### Your assignment
The first line of the entries is where the copy starts and the line with "FUJI Elevator Kitchen" is where it ends; set down each line exactly, both ends included, and drop pictures.

»»

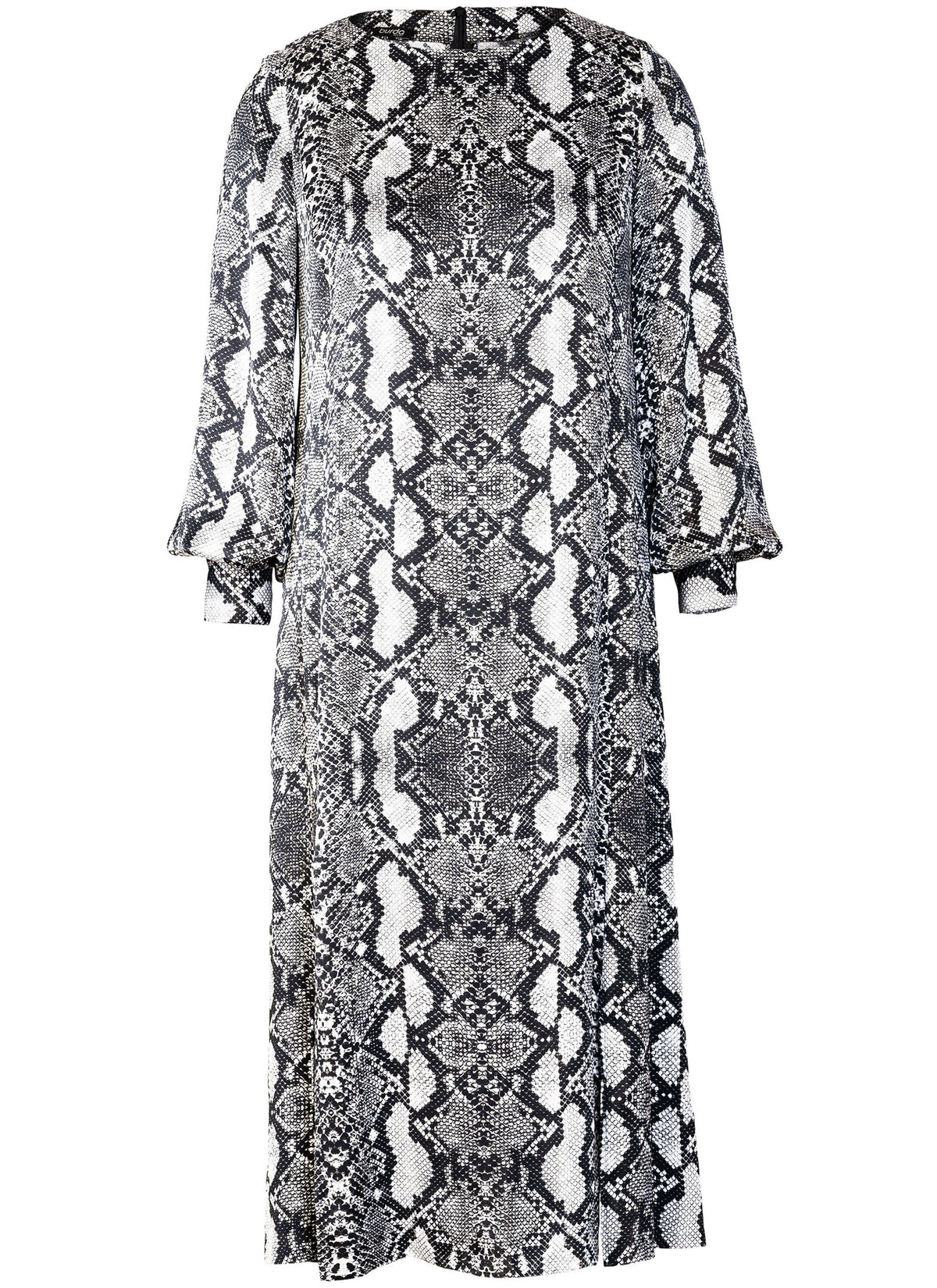 Burda Style Misses' Dress Sewing Pattern for Fashionistas B5797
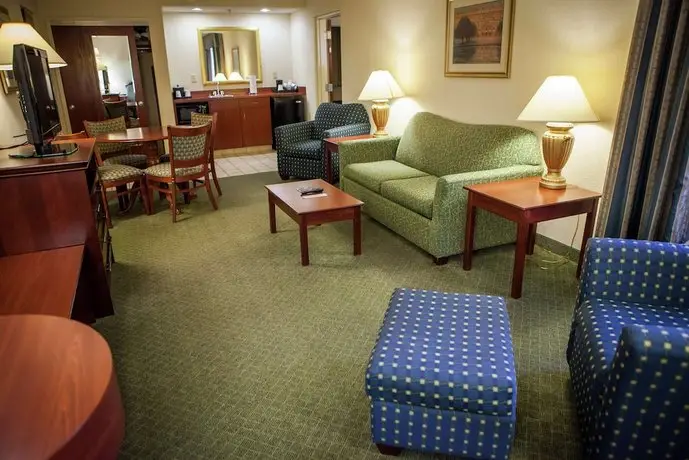 Hampton Inn & Suites Springfield SW 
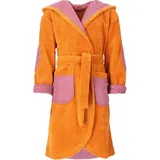 VOSSEN Mädchen & Jungen, Bademantel Momo fox 122/128 - 122-128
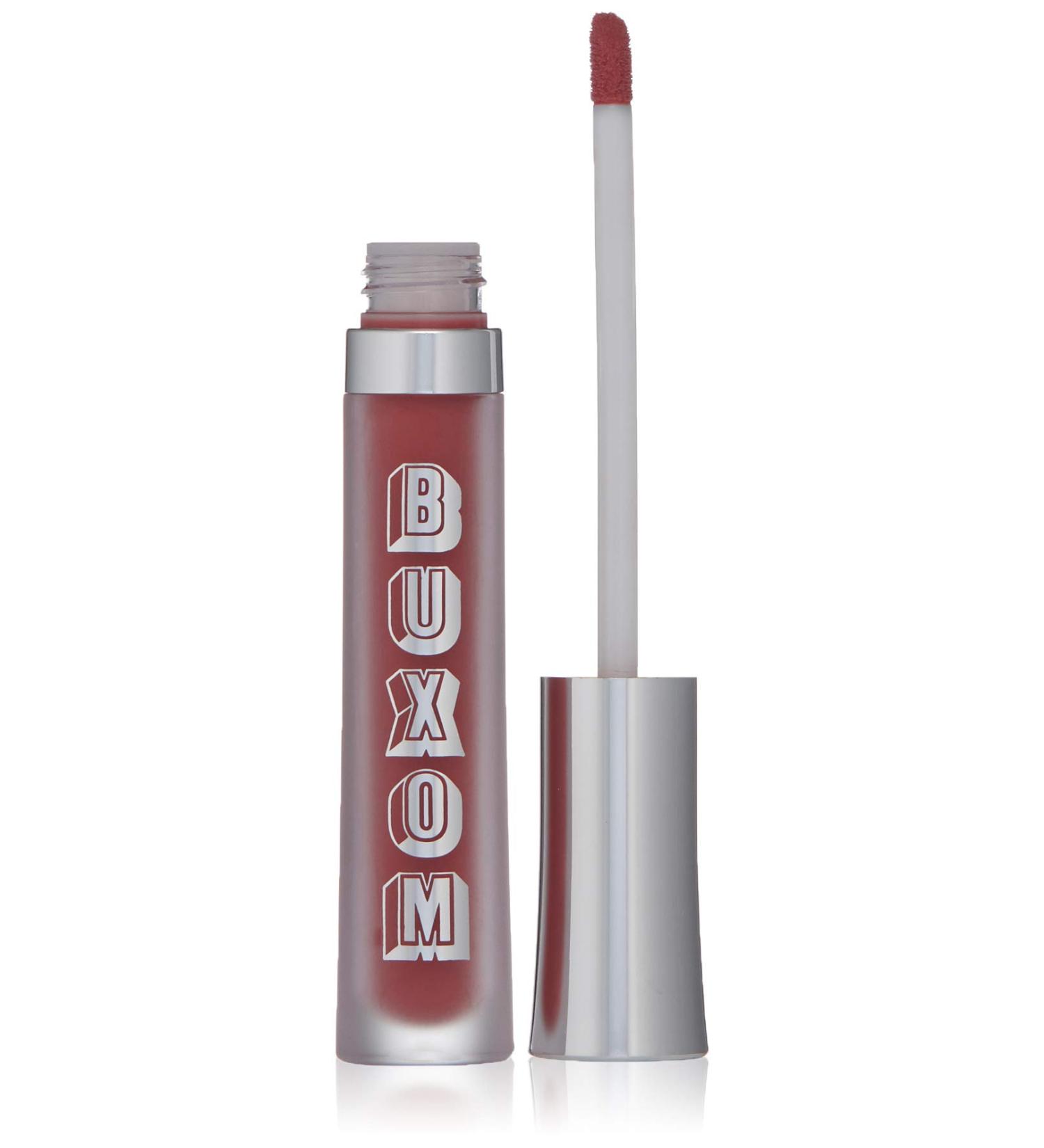Buxom Full-On Plumping Lip Cream Rose Julep - 0.14 fl oz | Lip Plumper & Moisturizer - Buy Online on GoSupps.com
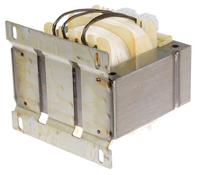 123-4239 RS PRO 800VA 2 Output Chassis Mounting Transformer, 2 x 115V ac, IEC 61558-2-4
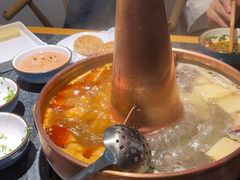 -小洋府铜锅涮肉(南锣鼓巷店)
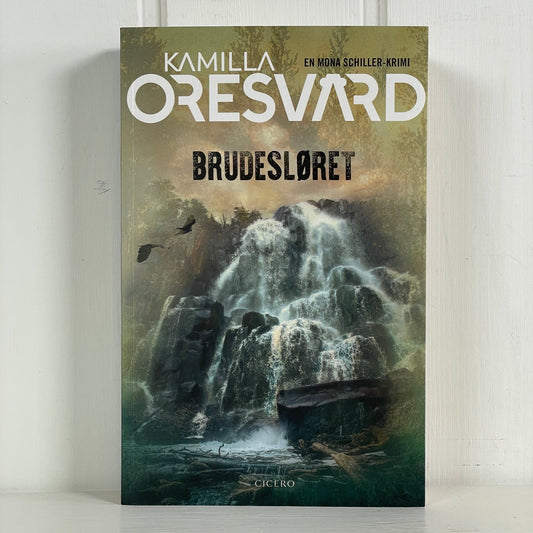 Brudesløret - Mission Afrika Genbrug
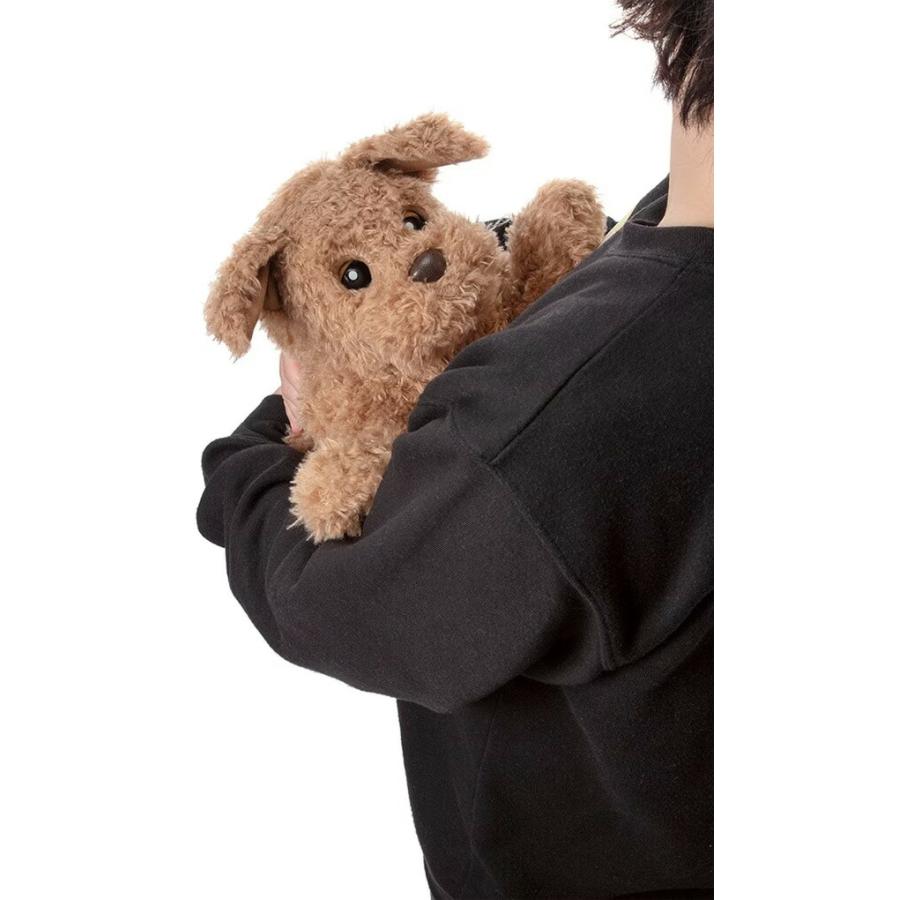 タカラトミー もっとおりこうダッキー プレゼント 知育玩具 ぬいぐるみ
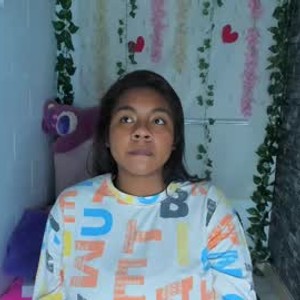 chaturbate nathasha_jhonsom_ webcam profile pic via 6livesex.com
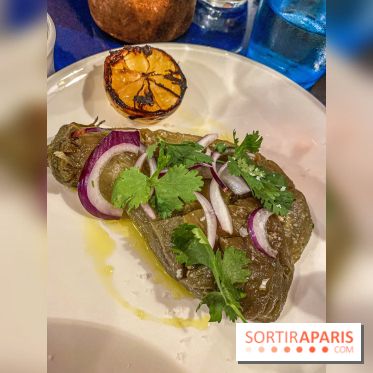 Photos : La Rôtisserie Gallopin lance son offre Street Food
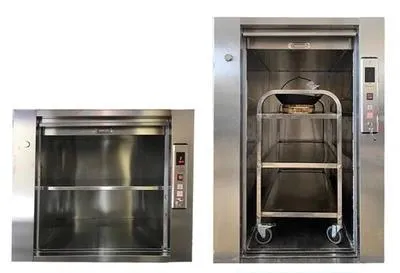 FUJI Elevator Kitchen Lift Food Elevator Dumbwaiter Dumb Waiter Lift Small Elevator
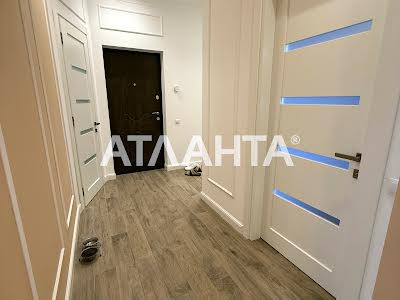 квартира за адресою Педагогічна вул., 23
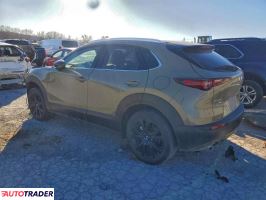 Mazda CX-30 2024 2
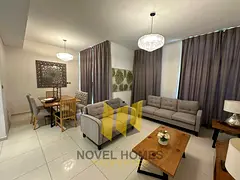 DAMAC HILLS 2-4 BEDROOM FULLY FURNISHED FOR RENT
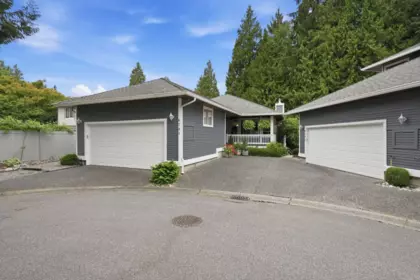 6791 Nicholson Road, Delta, BC, Delta — Townhouse for sale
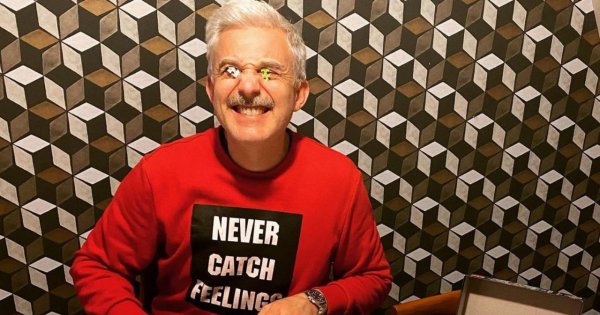 Hubert Urbański szczerze o sowich wakacjach! Spodziewaliście się, że zdecyduje się na taką ekstremalną przygodę?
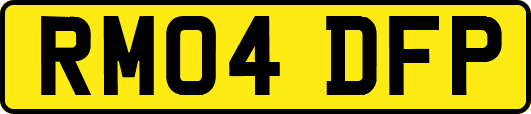 RM04DFP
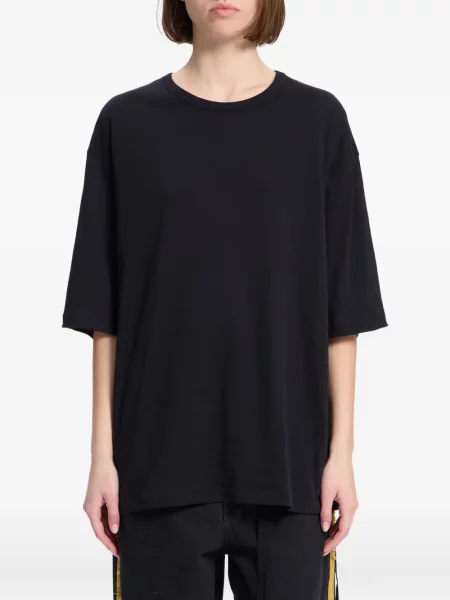 Tricou Ann Demeulemeester negru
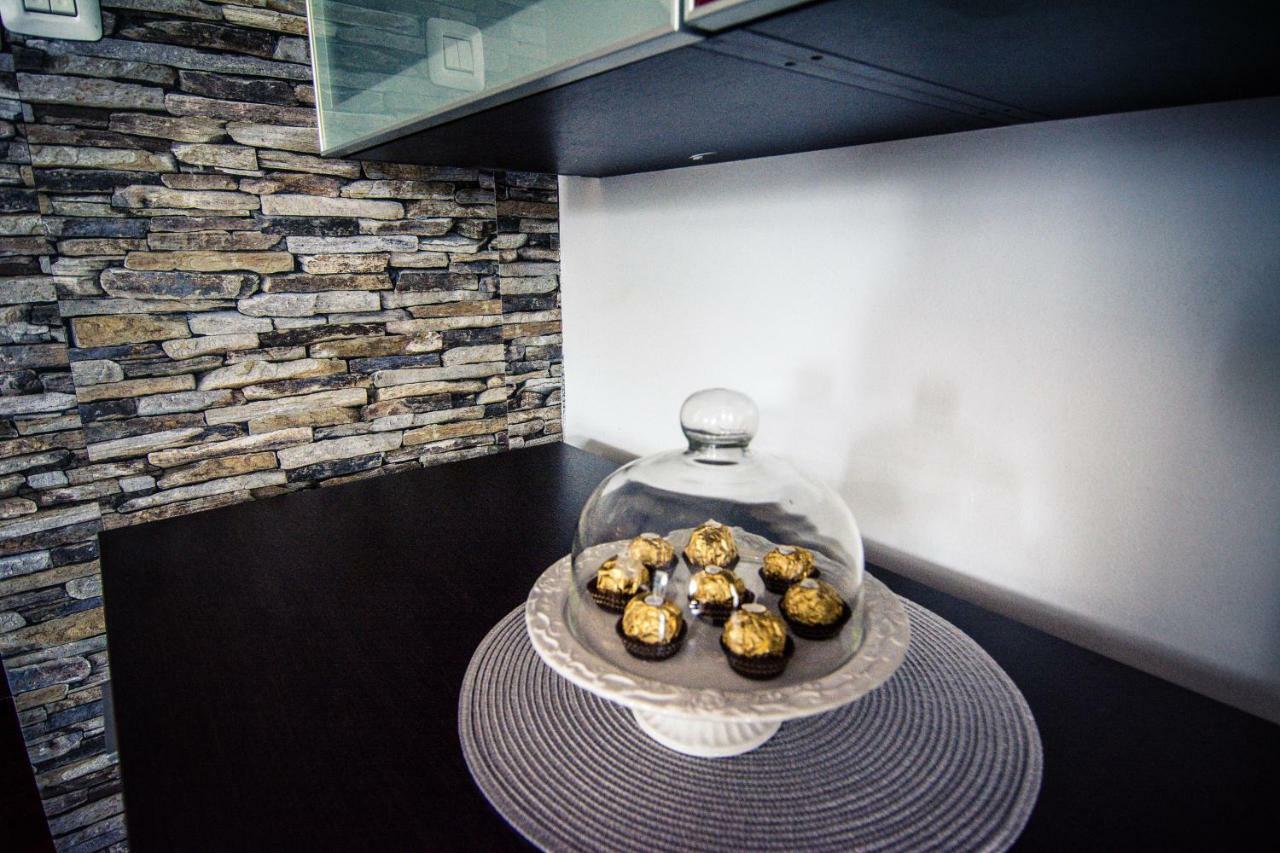 Luxury Apartment Julija Split Dış mekan fotoğraf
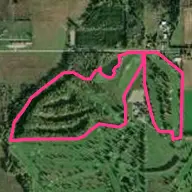 Woodlands Course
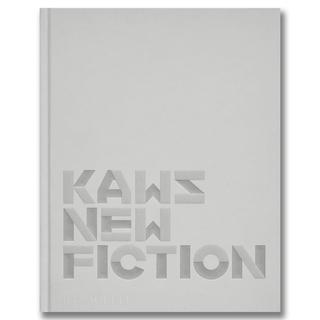 KAWS: New Fiction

««

### Output below
 Burda Style Misses' Dress Sewing Pattern for Fashionistas B5797
 Hampton Inn & Suites Springfield SW 
 VOSSEN Mädchen & Jungen, Bademantel Momo fox 122/128 - 122-128
Buxom Full-On Plumping Lip Cream Rose Julep - 0.14 fl oz | Lip Plumper & Moisturizer - Buy Online on GoSupps.com
 123-4239 RS PRO 800VA 2 Output Chassis Mounting Transformer, 2 x 115V ac, IEC 61558-2-4
 -小洋府铜锅涮肉(南锣鼓巷店)
 Brudesløret - Mission Afrika Genbrug
 タカラトミー もっとおりこうダッキー プレゼント 知育玩具 ぬいぐるみ
 chaturbate nathasha_jhonsom_ webcam profile pic via 6livesex.com
 Photos : La Rôtisserie Gallopin lance son offre Street Food
 FUJI Elevator Kitchen Lift Food Elevator Dumbwaiter Dumb Waiter Lift Small Elevator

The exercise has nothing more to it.